In its ruling on the application for the order discharging the exparte motion, ordered by the directors' counsel, Alade Agbabiaka (SAN) , the court stated that the application had become, "academic and spent", having expired and the order having been implemented by the plaintiff by holding the said meeting as required without any breach of peace.
Justice Ijeoma Ojukwu stated that it was the duty of the court to facilitate companies to resolve their differences using their internal mechanism in a peaceful manner and that it was the duty of all persons to maintain law and order, adding that it was not against the fundamental rights of any one when parties are ordered to maintain peace.
The two directors, who are minority shareholders had opposed the loan financing agreement by asking that the processing of the loan be stopped, despite approval of the board and majority of the shareholders, on the basis that they were not properly briefed.
The company therefore approached the court asking for an order of court to compel the two directors to explore the internal mechanisms to ventilate their grievances and resolve their differences with the majority shareholders, rather than externalising the dispute with a view to obstructing the operations of the company.

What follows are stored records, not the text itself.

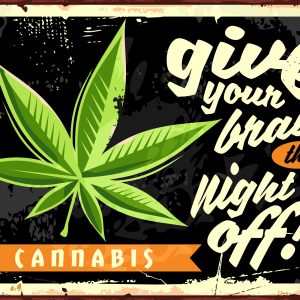 Peinture sur toile Feuille De Cannabis Et Lettrage Rétro – Image 1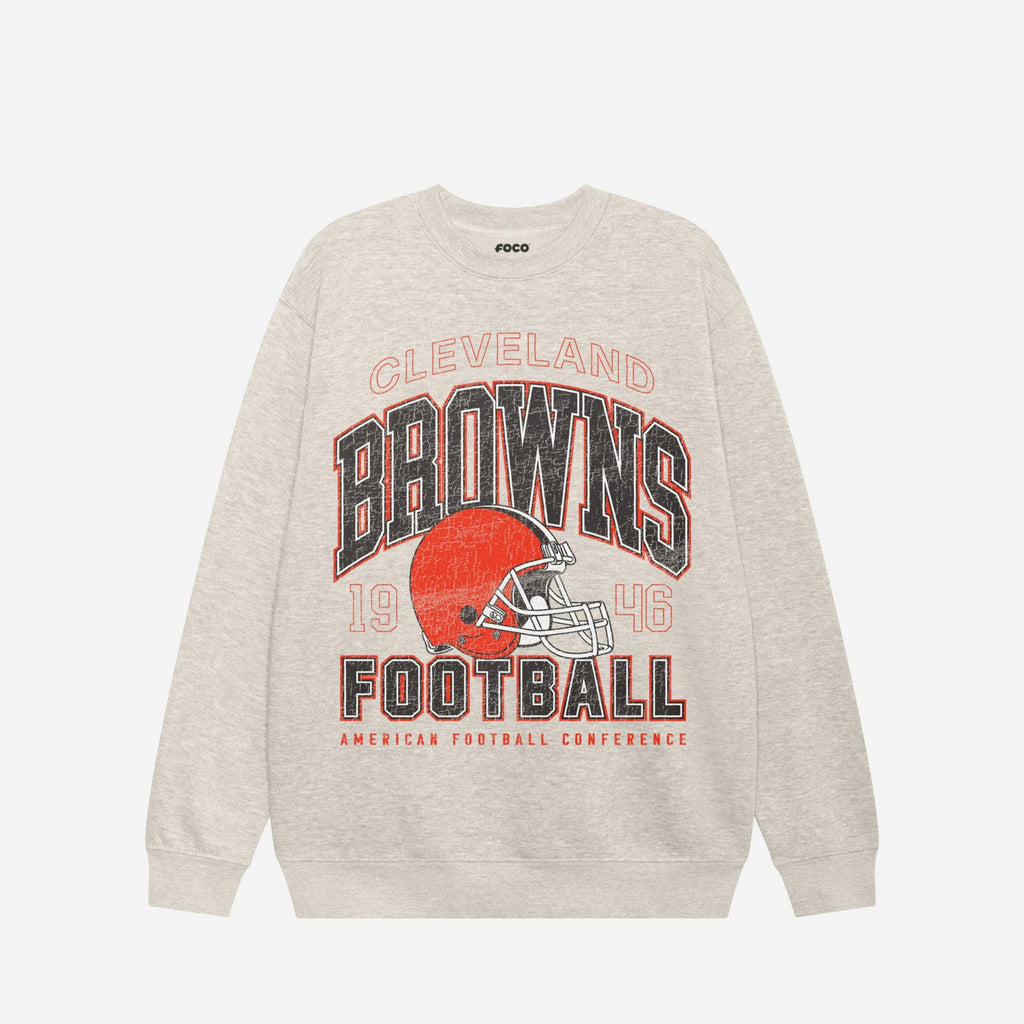 FOCO Cleveland Browns Varsity Crew Neck Sweatshirt Brown 2XL 2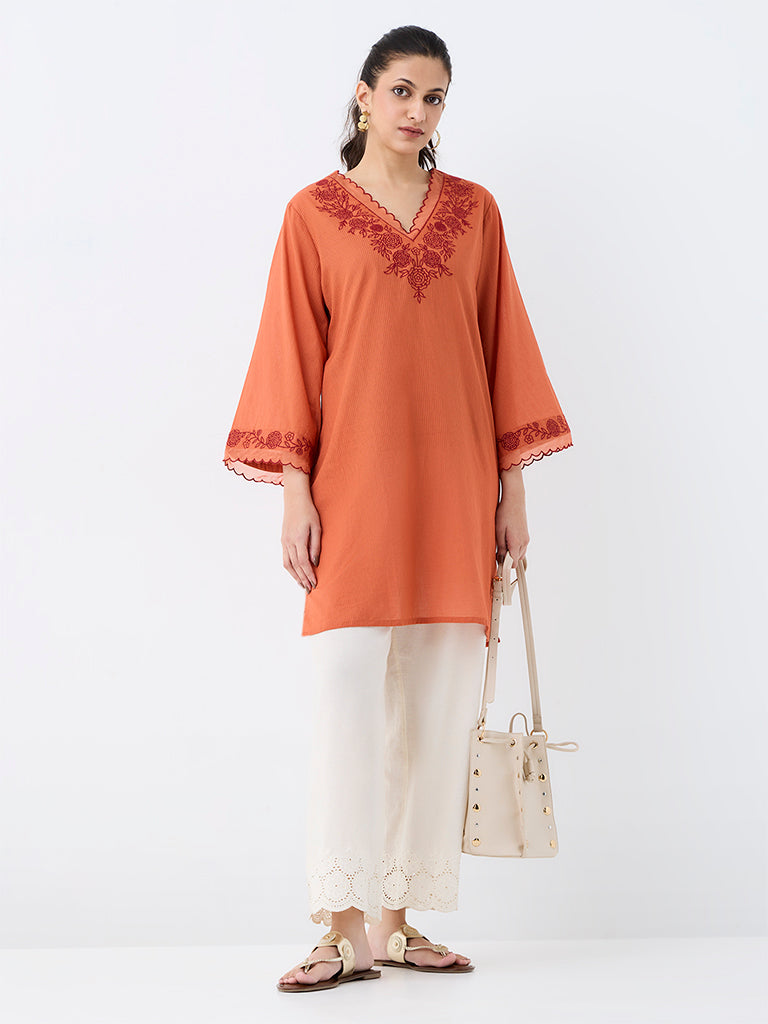 Utsa Orange Floral Embroidered Cotton Straight Kurta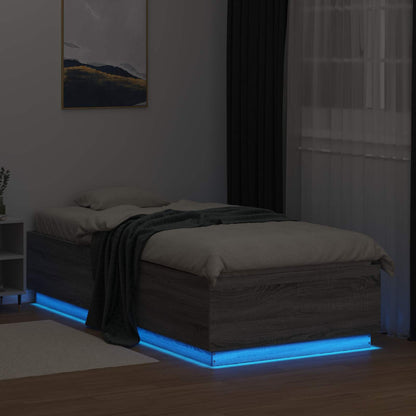Bed Frame with LED Grey Sonoma 80 x 200 cm Engineered Wood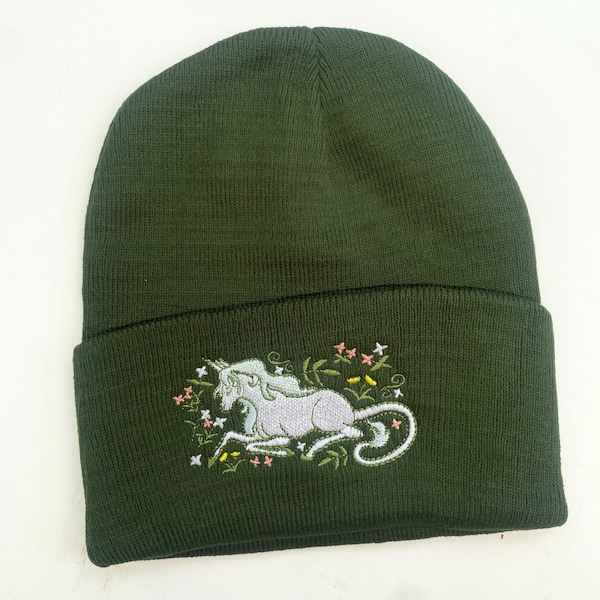 Groene Eenhoorn middeleeuws tapijt Laatste Eenhoorn geïnspireerd Fantasy Beanie Hat borduurwerk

In an exparte order dated 11 November , Justice Ojukwu stated that to "afford the parties a happy medium in the resolution of their issues" she was ordering the parties to attend the board meeting scheduled for 12 November, 2020 and refrain from any actions which may cause a breach of peace.
Addressing the court, counsel to the company, Chief Benbella Anachebe (SAN) had argued that there was no order of court to discharge as the order had already been carried out and the defendants have not placed any documentary evidence before the court to the contrary.
He stated that the defendants had in flagrant disobedience of the court order refused to attend the meeting claiming they had fundamental freedom of association.
He said the board at the meeting met successfully and approved the proposal to seek all the foreign direct investment to finance the expansion of the company by drilling more wells and establishing the first indigenous oil onshore terminal .
Anachebe said the minority shareholders who are also directors having not presented themselves for re-election were also not re-elected as directors; noting that they were aiming to impinge on the value of the company.
He urged the court to accelerate the hearing of the substantive matter of the plaintiff company seeking for an order restraining the directors from interfering or obstructing in any manner the loan financing agreement processing for expansion of the company on the basis that minority shareholders cannot foist their views on the majority.
The court thereafter adjourned the hearing of the substantive matter to May 11, 2021.